I think I see your problem. First how did you install the nvidia driver from a run file? You must have been looking at the screen. Hence the open source driver was installed first. When you install the run file did you say --no-modules-kernel or whatever it is. Perhaps you installed the modules from the run file. Which is no problem just replace them with the ones from the geohot Deb package. I also noticed when you install the modules from the Deb package it installs I to a different location then the modules installed by the run file. Or apt. So your best solution is to run that run file and uninstall. Purge the drivers using the run file itself. The go apt purge nvidia-* etc. Remove all nvidia drivers. But have the nvidia driver handy ready to run that installer again. Now run the installer and let it install tye modules for the kernel. Reboot check everything works. Then find out where those files are stored. Override them with your modules using the terminal copy and paste over the model's with your modified ones. Then you can also run that installer script to double check. Then you have to regenerate the kernel that loads maybe so it actually uses your modules. I think. And reboot. If that does not work simply purge everything again and also unsiall unblocklist neuveo and uninstall nvidia deiver with with runfile reboot and let the standard nvidia driver neuveo work. Because the neuveo deiver is working you wonr have any problems overriding the modules as they wont be in use. And then ensure there is no lingering drivers with apt and that apt is not auto installing updates. And run the installer this time with no kernel modules. Flag. And then install your kernel modules and then you will see nvidia smi is working.

First of all, thank you for your help!

I started with ubuntu server 22.04, I presume with no drivers as I seleced not to install any third party driver . then, these are the commands I executed, in the exact order :

sudo ./NVIDIA-Linux-x86_64-550.67.run --no-kernel-modules then I went to the open-gpu-kernel-modules-550 directory and run

make modules -j$(nproc) sudo make modules_install -j$(nproc)

as I had to build the simpleP2P and nvbandwidth tools, I downloaded cuda_12.4.0_550.54.14_linux.run.
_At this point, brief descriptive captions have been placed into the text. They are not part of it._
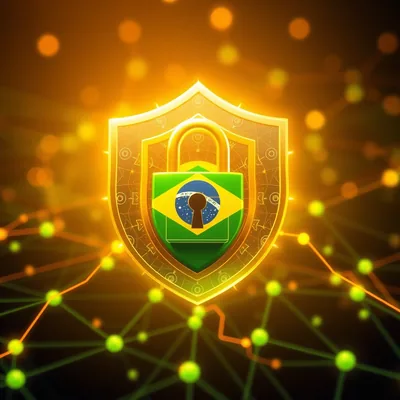 Registro No GKBET Casino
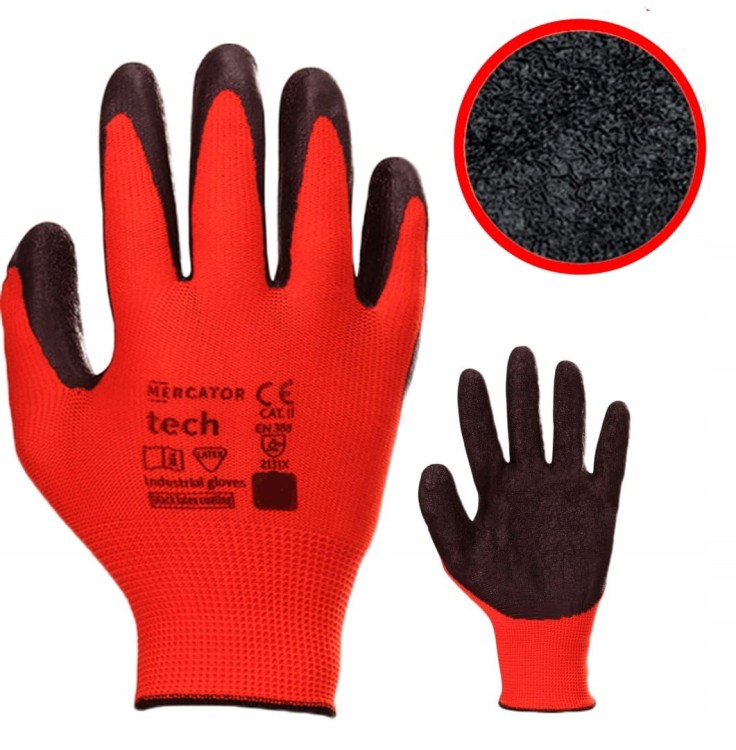 Rekawice-Robocze-MERCATOR-Tech-Red-Black-Latex-120-Par-10-XL-MERCATOR-Rodzaj-rekawice.jpeg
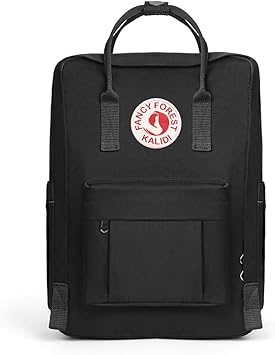 Kalidi laptop backpack Clearance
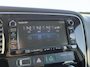 Mitsubishi Outlander 2.0 Business Edition / Automaat / Trekhaak (1.600 KG) / Cruise Control / Airco / Navigatie / Winter&Zomer Bandenset / Keyless /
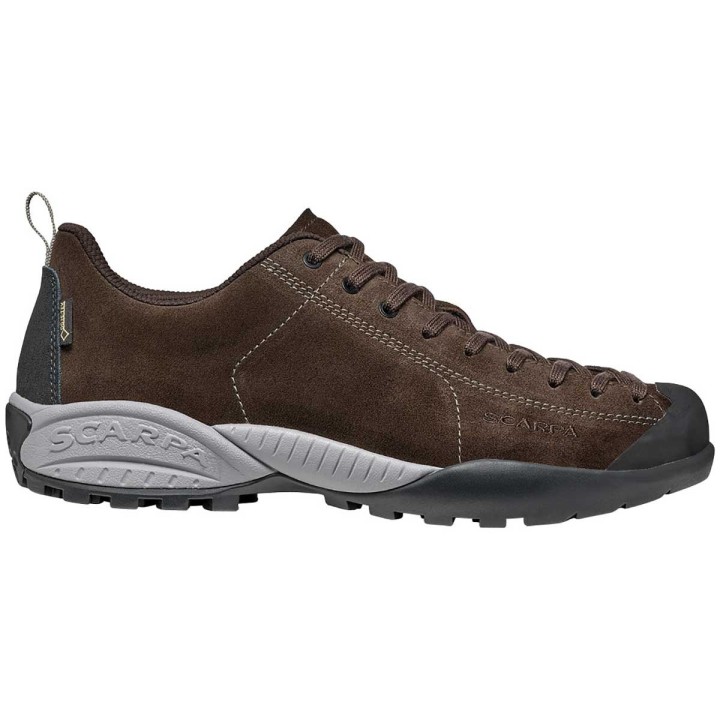 Scarpa Mojito GTX Schuhe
Again in the ".run" format to be in control of what was being installed. Strangely enough it asked me if I wanted to install a different and newer driver, to which I said no.
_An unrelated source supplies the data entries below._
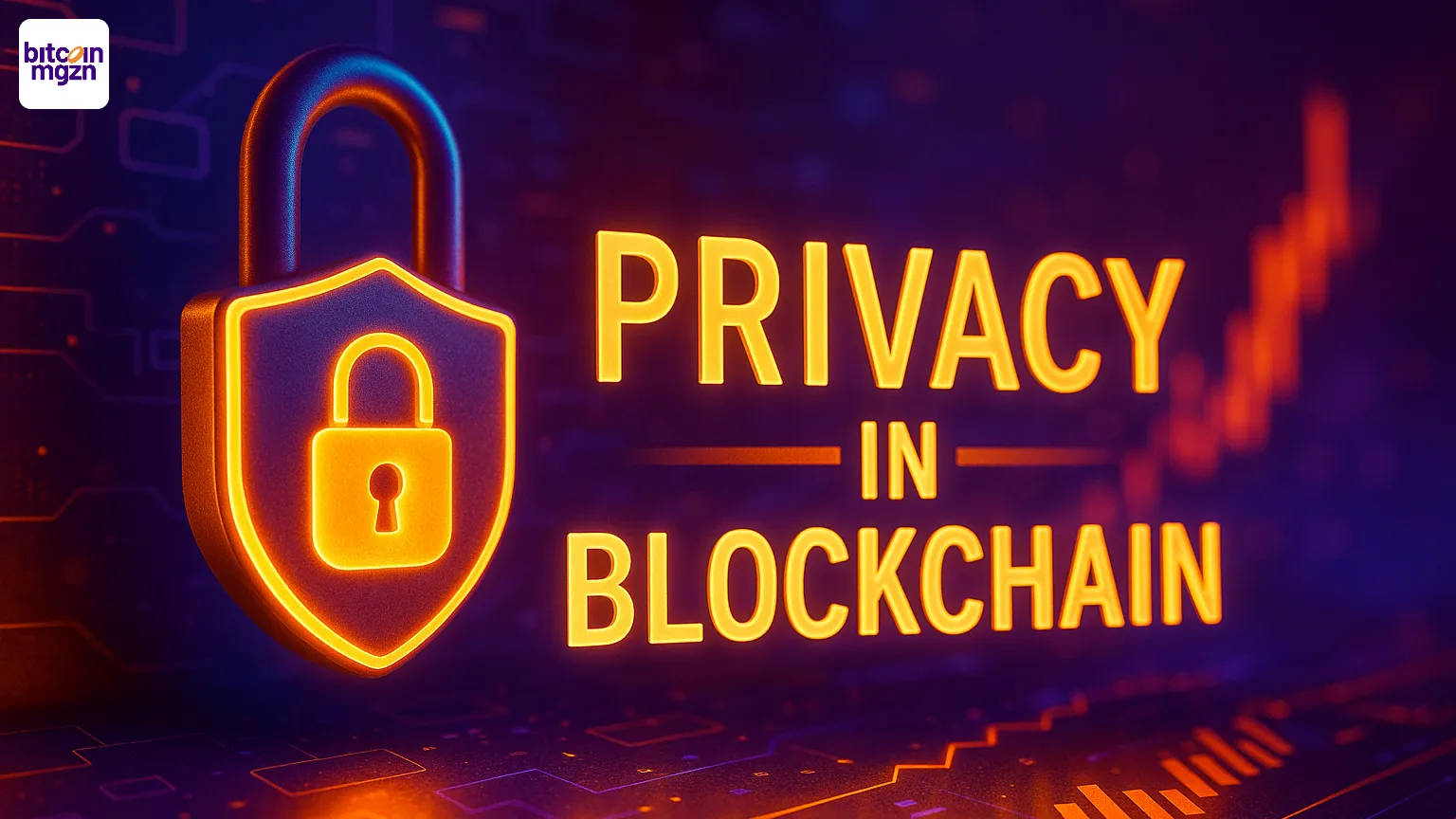 privacy altcoin binance coinbase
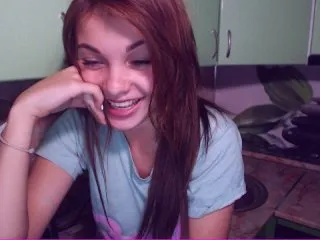 Live sex webcam photo for SkylarJewels #121104057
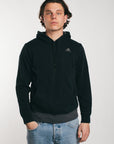 Adidas - Hoodie (M)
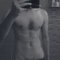 Sam Discreet Fun - Male এস্কর্ট in New Delhi
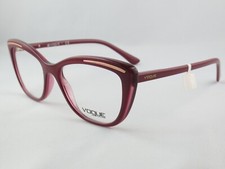 Vogue mod 5218 gebraucht kaufen  Benningen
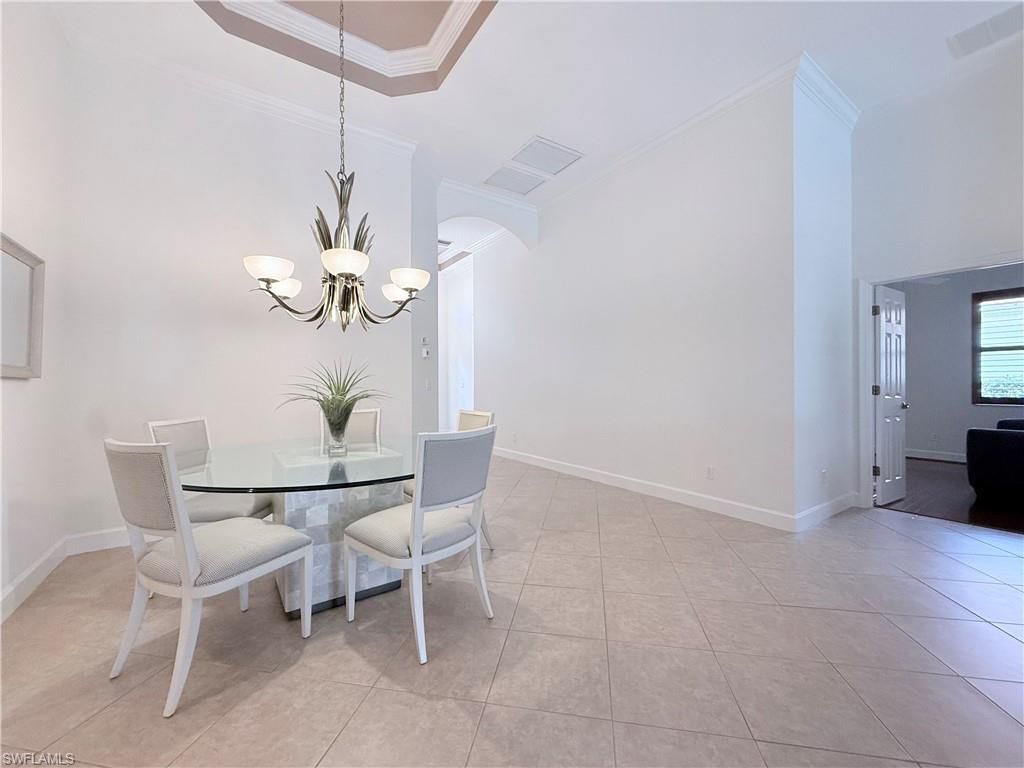 7903 Founders Cir , Naples, FL 34104 Photo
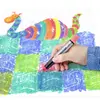 Colored Pencils Staedtler Noris 2390 Photo 5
I then compiled nvbandwith and simpleP2P correctly and then I went on blacklisting the nouveau driver as I mentioned before.
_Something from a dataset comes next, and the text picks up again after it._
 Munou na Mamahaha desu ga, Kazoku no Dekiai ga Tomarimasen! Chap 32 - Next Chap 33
Is there a way for me to check the modules installed are indeed the one of the open-gpu-kerne-modules-550? I believe I did the outmost to make sure they are the ONLY modules ever built. I did not install any .deb package which may have overwritten those modules. Bfore I re try the process, starting from the re-installation of ubuntu, I would like to know whether there is any verification / change to my process, I can do, not to end up again in the same place.

thecaptain2000 commented 4 days ago

How to Build To build:

make modules -j$(nproc) To install, first uninstall any existing NVIDIA kernel modules. Then, as root:

make modules_install -j$(nproc) Note that the kernel modules built here must be used with GSP firmware and user-space NVIDIA GPU driver components from a corresponding 560.35.03 driver release. This can be achieved by installing the NVIDIA GPU driver from the .run file using the --no-kernel-modules option. E.g.,

sh ./NVIDIA-Linux-[...].run --no-kernel-modules Supported Target CP

err, I used the nvidia driver version 550.67 , not the 560.35.03. There isn't a open-gpu-kernel-modules-xxx branch for the driver version 560xxx. did you use the 560.35.03 driver with the 550 branch? I used the 550.67 as it is mentioned in the branch description that is the driver to use :

"Note that the kernel modules built here must be used with GSP firmware and user-space NVIDIA GPU driver components from a corresponding 550.67 driver release. This can be achieved by installing the NVIDIA GPU driver from the .run file using the --no-kernel-modules option."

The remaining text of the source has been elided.